Occorre metterci la testa
Sardine a parte – che amo come invenzione di strada e che spero che non si traducano giammai in esca per prede più o meno ittiche -, in vista delle elezioni abbiamo la necessità di fare proprio un sano ragionamento collettivo, senza il quale perderemmo un’ulteriore occasione per effettuare la decisiva svolta. Il ragionamento non riguarda gli uomini che ci sono e le donne che di contro mancano nel palmares dei candidati a Presidente della Regione e, poi, a consiglieri regionali. Ciascuno di loro merita ciò che ha seminato. L’anzidetto ragionamento afferisce alle cose concrete che occorrono per rinascere dal nulla, alle conoscenze ottimali senza le quali non si potrà andare da alcuna parte, ai tempi e agli atti indispensabili per scandire il cambiamento reale, mettendo da parte i miracoli per i quali qualcuno sembra tuttavia essersi attrezzato.
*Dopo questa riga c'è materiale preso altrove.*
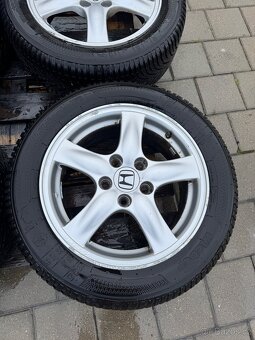 ALU sada kol originál Honda - 3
La brutta realtà cui rimediare
Il problema è la Calabria. In quanto tale una regione da sottoporre ad una immediata terapia d’urto previa una corretta rianimazione del buon senso necessario. Essa è una regione che non ha nulla e che si sta via via impoverendo delle energie essenziali per la ripresa. Colleziona un debito inarrestabile, cui contribuisce il malgoverno dei Comuni, condannati a rimanere perenni cattivi pagatori dei loro debiti contratti nei suoi confronti.
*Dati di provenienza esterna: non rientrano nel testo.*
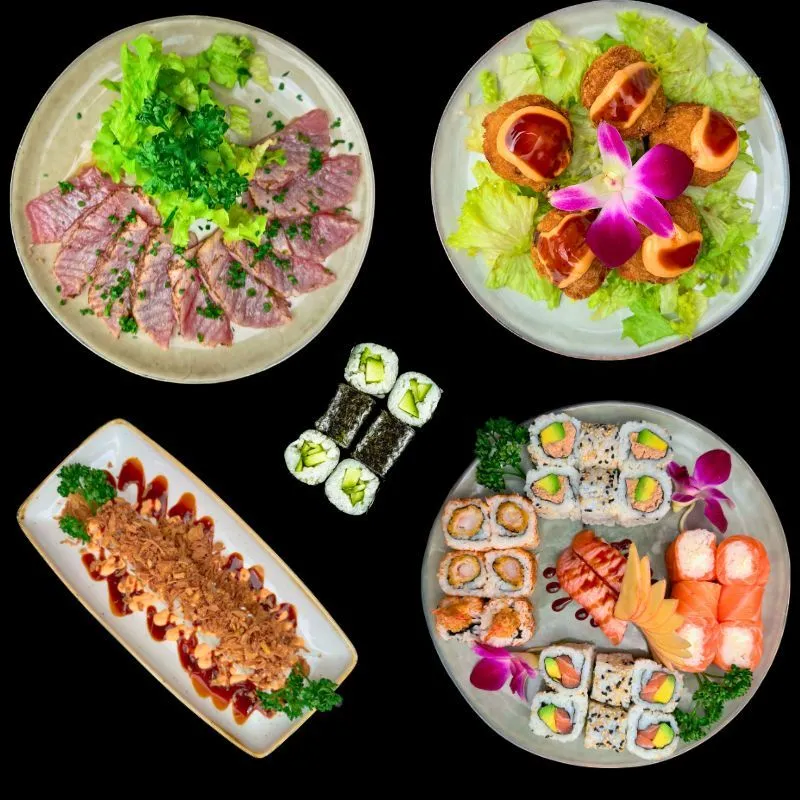 Celebration Menu (55 pieces)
Insomma, la Calabria è una regione ove è tutto da ricostruire: un sistema delle autonomie locali divenuto colabrodo perché afflitto da default nella misura del 30% dei suoi componenti; una sanità che non c’è; un’assistenza sociale che si fa finta di disciplinare dopo decenni di quell’incuria ancora (ahinoi) attualissima; trasporti pubblici locali difficili persino da immaginare; plessi scolastici e strutture di accoglienza (ospedali compresi) inadeguati a sopportare eventi sismici; un ambiente maltrattato e l’inesistenza di una politica dei rifiuti; un lavoro che non c’è e che, invece, deve essere assicurato. Queste sono alcune delle tante altre cose alle quali i calabresi dovranno porre rimedio scegliendo il Presidente giusto per una regione non suscettibile di riparazioni parziali ma che ha bisogno di una seria stagione di riforme strutturali.
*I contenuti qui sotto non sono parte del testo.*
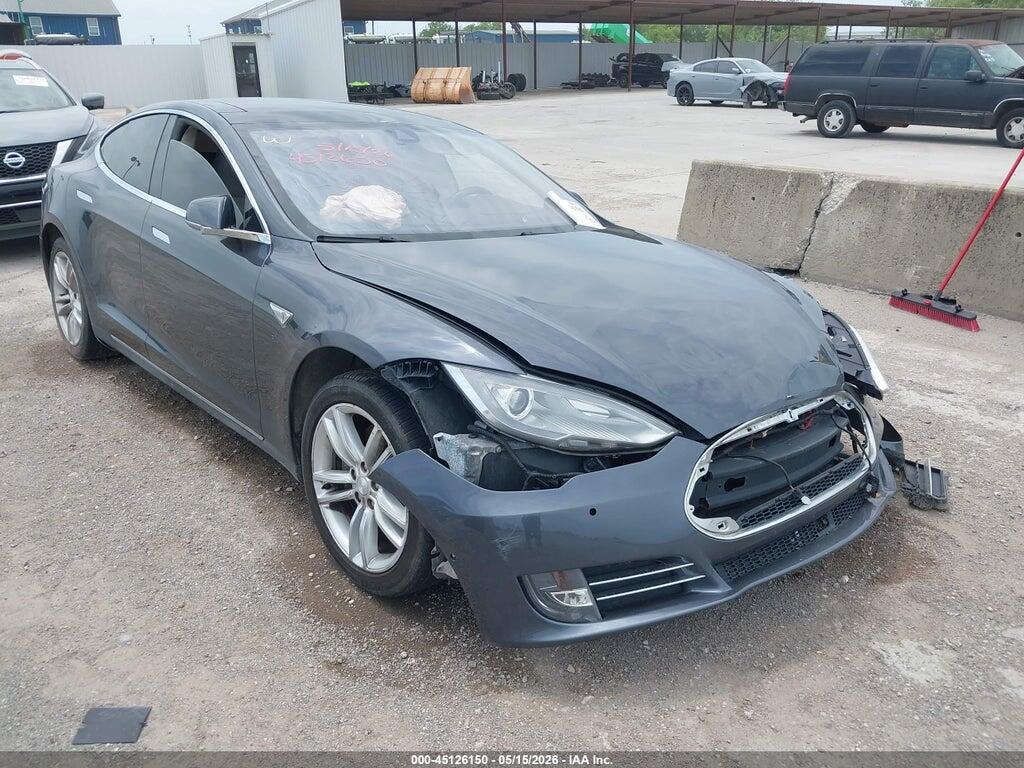5YJSA1H12EFP57354 2014 TESLA MODEL S photo no. 1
Necessita una gara elettorale basata sulla concretezza
Quella che ci accingiamo a vivere, da qui al prossimo 26 gennaio, dovrà essere pertanto una campagna elettorale che non potrà assumere, così come sembrerebbe invece apparire dalle prime avvisaglie, le vesti di una campagna di guerra, intesa come strumento bellico utile ad imporre un volere sottoponendo «sotto le armi un territorio (il nostro)» (De Mauro dixit). Dovrà essere di contro una competizione ragionata e convincente, ove dovrà essere offerta ai calabresi – da parte di ogni candidato – l’immagine chiara e concreta di ciò che si vuole realizzare nella nostra regione nel medio periodo, quello messo a disposizione della prossima legislatura, perché diventi normale come le altre.
Su questo, è doveroso che i candidati si misurino e che i calabresi scelgano, disdegnando ogni pericolosa astensione.